I get the general idea of what you are saying, but this code just seems so complicated!!

If I had written this in assembler rather than C, would this problem not have occurred? If so is assembler hard to learn from C?

Thank-you for your help, you are a really good teacher.

Tom

 

[Diver300]

The problem could easily have occoured in assembler, but it would be easier to see where it was happening, and easier to arrange that the lines were not adjacent.

In assembler, you can easily write

nop

to put in a line that does nothing but takes one cycle to execute.

I was surprised that the C compiler let it happen.

I think that an understanding of assembler, which is what the C complier produces, along with an idea of the actual hardware, is useful when writing in C.

The assembler produced by a complier is much more difficult to read than assembler written by a person, because a person will use friendly names for registers and labels. There may even be comments to help understand it.

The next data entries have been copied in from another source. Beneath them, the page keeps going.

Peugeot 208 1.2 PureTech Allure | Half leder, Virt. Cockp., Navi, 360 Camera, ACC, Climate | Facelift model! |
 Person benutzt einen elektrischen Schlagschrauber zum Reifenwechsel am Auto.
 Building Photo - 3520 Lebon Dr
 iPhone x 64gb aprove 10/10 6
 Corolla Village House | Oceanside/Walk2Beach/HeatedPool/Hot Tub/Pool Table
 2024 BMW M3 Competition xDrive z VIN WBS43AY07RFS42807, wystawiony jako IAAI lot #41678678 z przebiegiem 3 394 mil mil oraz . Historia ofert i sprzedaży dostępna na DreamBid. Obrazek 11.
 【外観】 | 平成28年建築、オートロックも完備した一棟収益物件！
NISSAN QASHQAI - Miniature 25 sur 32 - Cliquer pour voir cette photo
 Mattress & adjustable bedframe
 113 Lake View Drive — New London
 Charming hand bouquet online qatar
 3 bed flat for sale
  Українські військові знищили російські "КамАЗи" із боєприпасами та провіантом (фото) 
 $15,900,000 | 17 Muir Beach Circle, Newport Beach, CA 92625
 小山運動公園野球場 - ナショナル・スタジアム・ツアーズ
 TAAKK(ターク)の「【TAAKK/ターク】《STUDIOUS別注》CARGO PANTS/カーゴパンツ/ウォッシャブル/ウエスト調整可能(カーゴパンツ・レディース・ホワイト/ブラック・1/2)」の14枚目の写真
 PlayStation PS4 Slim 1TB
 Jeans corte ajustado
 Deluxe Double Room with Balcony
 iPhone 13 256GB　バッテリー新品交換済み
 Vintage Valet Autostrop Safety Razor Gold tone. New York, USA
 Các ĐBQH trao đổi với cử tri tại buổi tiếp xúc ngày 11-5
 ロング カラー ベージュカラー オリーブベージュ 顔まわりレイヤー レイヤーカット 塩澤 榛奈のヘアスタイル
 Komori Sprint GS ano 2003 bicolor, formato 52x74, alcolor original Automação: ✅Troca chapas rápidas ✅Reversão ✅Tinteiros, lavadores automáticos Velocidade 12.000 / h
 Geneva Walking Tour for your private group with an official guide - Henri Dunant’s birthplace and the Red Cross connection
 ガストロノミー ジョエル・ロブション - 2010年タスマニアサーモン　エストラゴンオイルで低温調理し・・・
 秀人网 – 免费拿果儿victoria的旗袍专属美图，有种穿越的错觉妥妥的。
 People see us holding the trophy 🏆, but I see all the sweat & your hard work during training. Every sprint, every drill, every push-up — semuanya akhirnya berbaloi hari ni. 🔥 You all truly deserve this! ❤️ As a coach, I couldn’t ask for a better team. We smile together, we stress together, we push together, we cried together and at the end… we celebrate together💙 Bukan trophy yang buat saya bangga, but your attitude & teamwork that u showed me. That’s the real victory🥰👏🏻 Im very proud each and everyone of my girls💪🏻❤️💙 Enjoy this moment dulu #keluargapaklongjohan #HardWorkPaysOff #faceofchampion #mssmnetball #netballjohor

For instance, the compiler has written:-
bsf (45/8),(45)&7

where in assembler I might have written:-
bsf Clock_port, clock ;raise clock line.

(having defined Clock_port, and clock earlier in the code)

Both of those assemble to the same instruction.

 

[3v0]

First I must admit I have not read the entire thread. Just the last bit.

You could have run the program in MPLAB simulator and used the Logic Analyzer to see that the LCD's timing parameters were violated.

A real LA is a nice tool to have too.

 

[tom_pay]

I think I might have to look into this assembler language.

I had simulated the program many many times before and after programming.

Thanks for your help,

Tom

 

[Diver300]

Simulators can't usually replicate the read-modify-write problems, so they would not help in these circumstances.